• _What to do_: Use the entries below and reproduce exactly the lines from the one containing "telescopic folding fan" down to the one containing "Round Wooden Key", both of them included.

• _Supplied material_:
————
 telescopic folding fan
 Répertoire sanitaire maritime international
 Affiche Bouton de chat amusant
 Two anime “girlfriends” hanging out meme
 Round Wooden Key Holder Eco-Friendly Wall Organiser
————
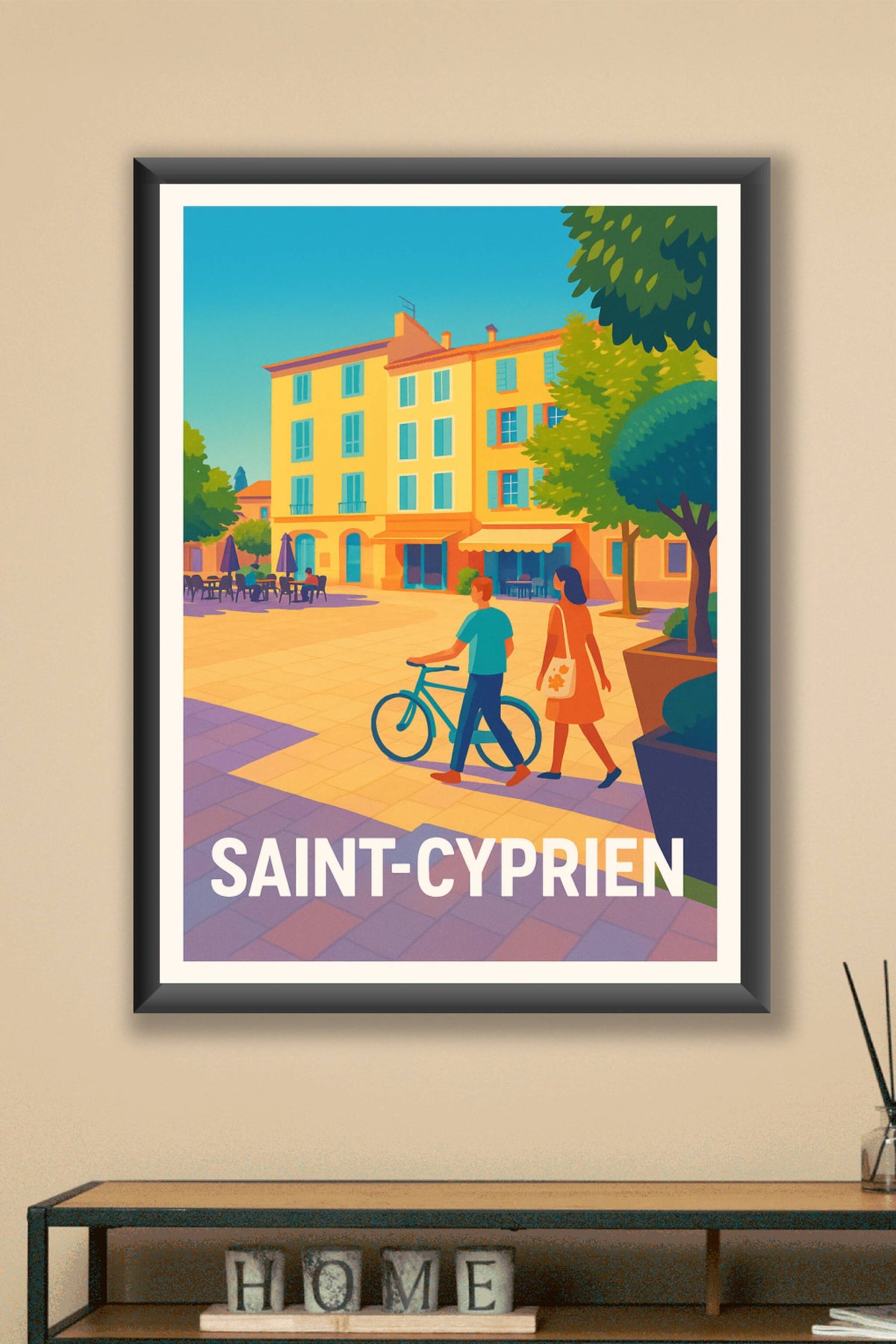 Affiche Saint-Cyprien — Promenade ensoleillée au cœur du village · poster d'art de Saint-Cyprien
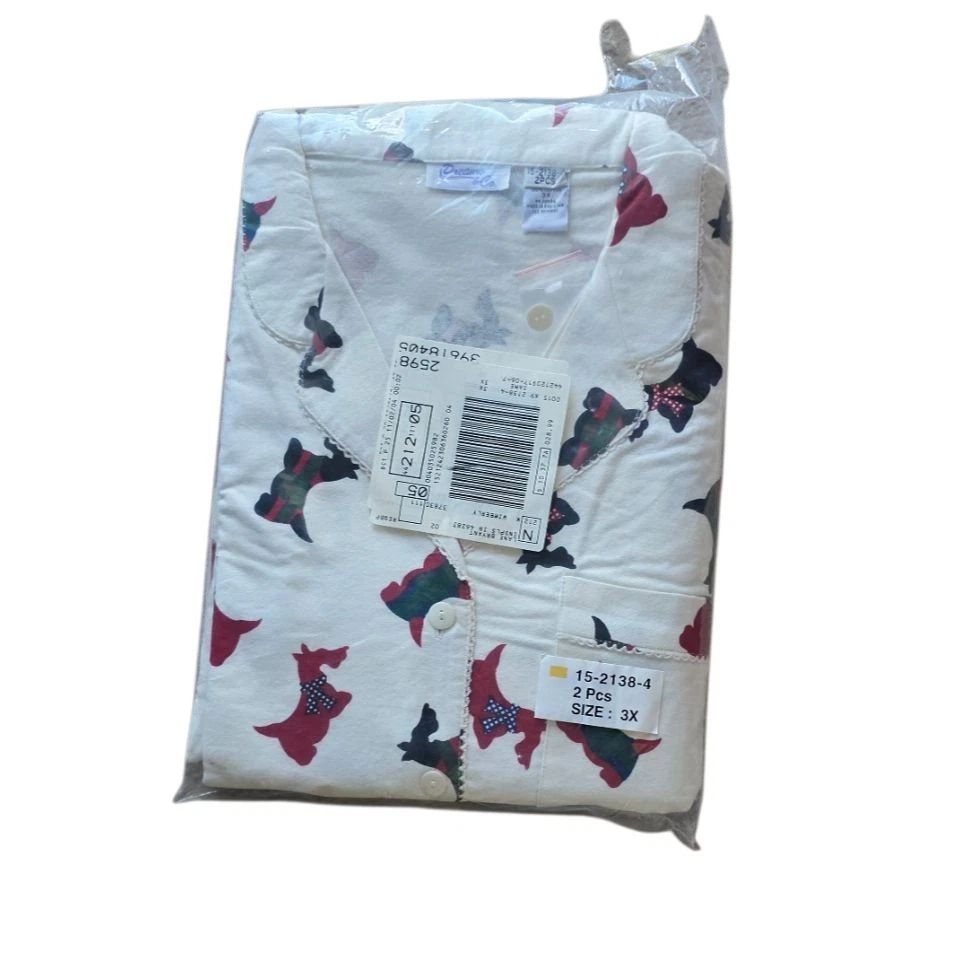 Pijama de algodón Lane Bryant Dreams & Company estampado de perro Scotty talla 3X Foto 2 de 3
————
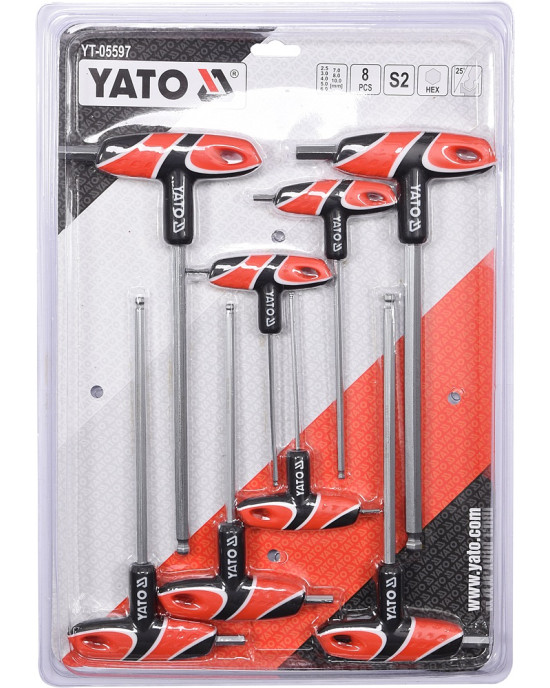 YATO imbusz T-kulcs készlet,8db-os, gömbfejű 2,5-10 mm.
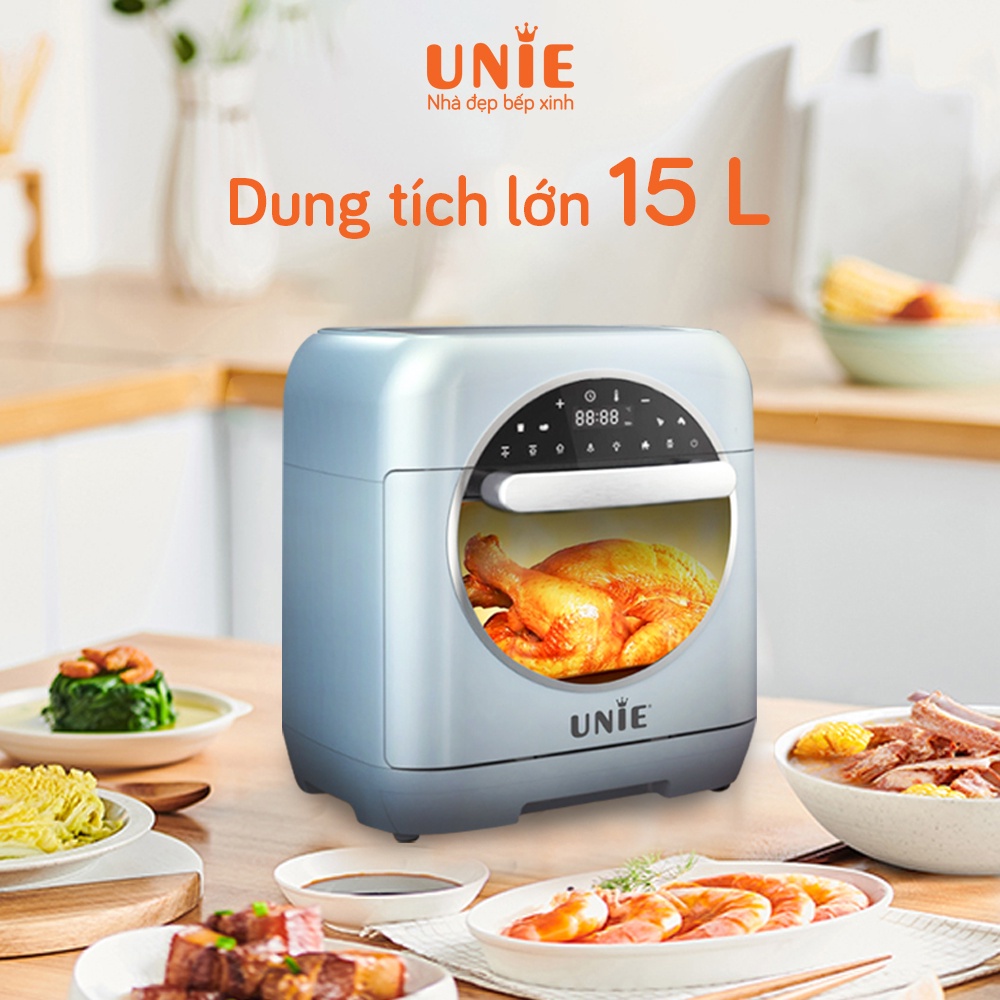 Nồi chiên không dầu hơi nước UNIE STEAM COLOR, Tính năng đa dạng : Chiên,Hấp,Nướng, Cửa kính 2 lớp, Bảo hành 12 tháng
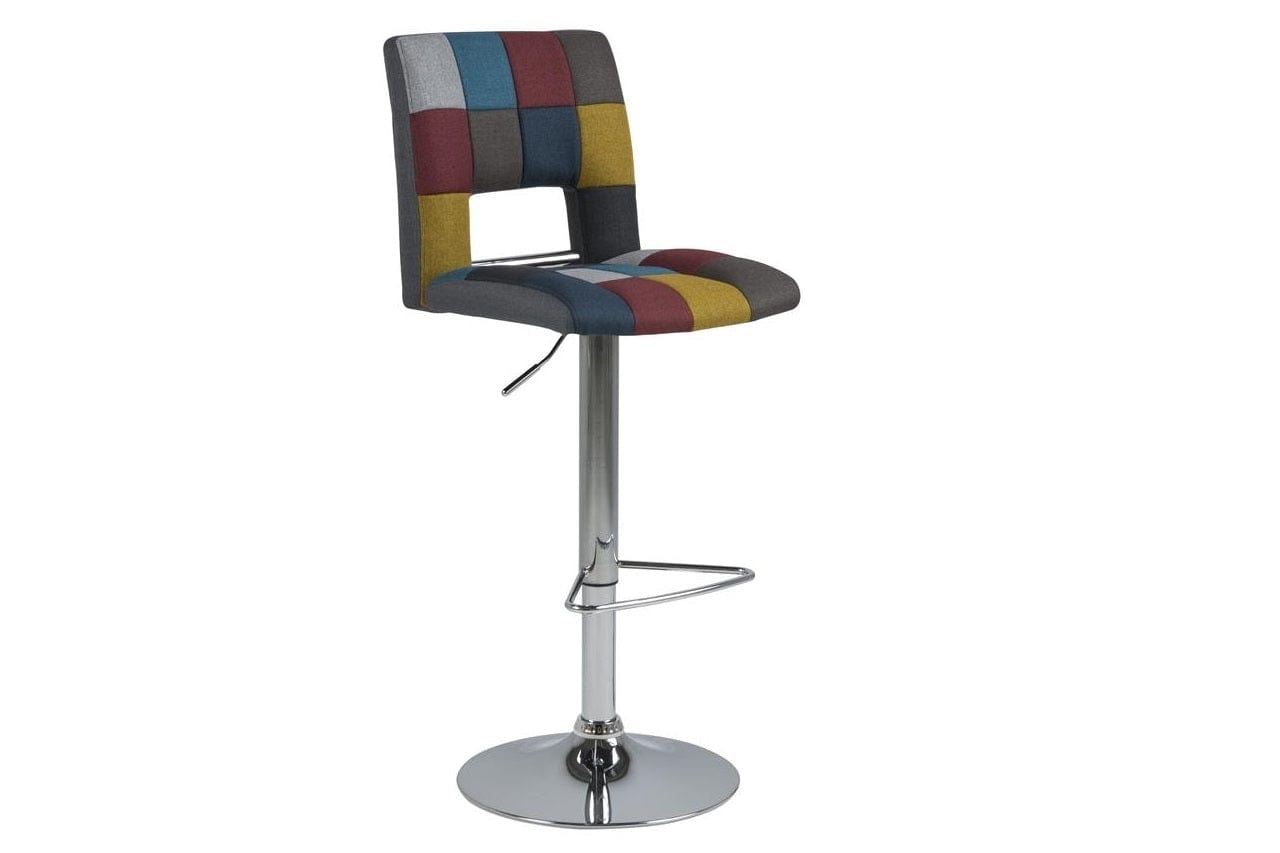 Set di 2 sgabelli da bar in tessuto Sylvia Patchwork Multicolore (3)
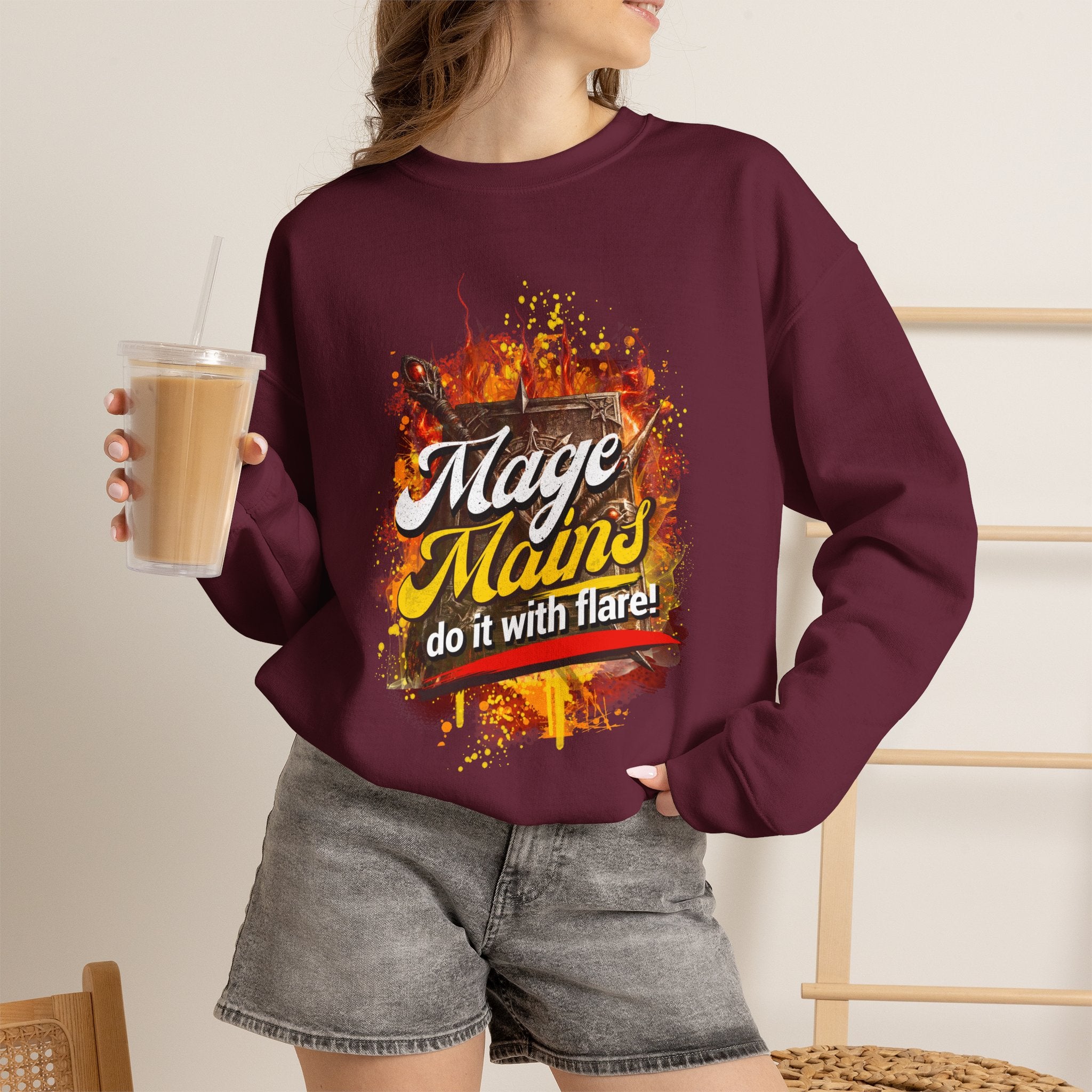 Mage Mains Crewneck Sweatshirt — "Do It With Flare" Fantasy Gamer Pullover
————
• _Task solution_:
 telescopic folding fan
 Répertoire sanitaire maritime international
 Affiche Bouton de chat amusant
 Two anime “girlfriends” hanging out meme
 Round Wooden Key Holder Eco-Friendly Wall Organiser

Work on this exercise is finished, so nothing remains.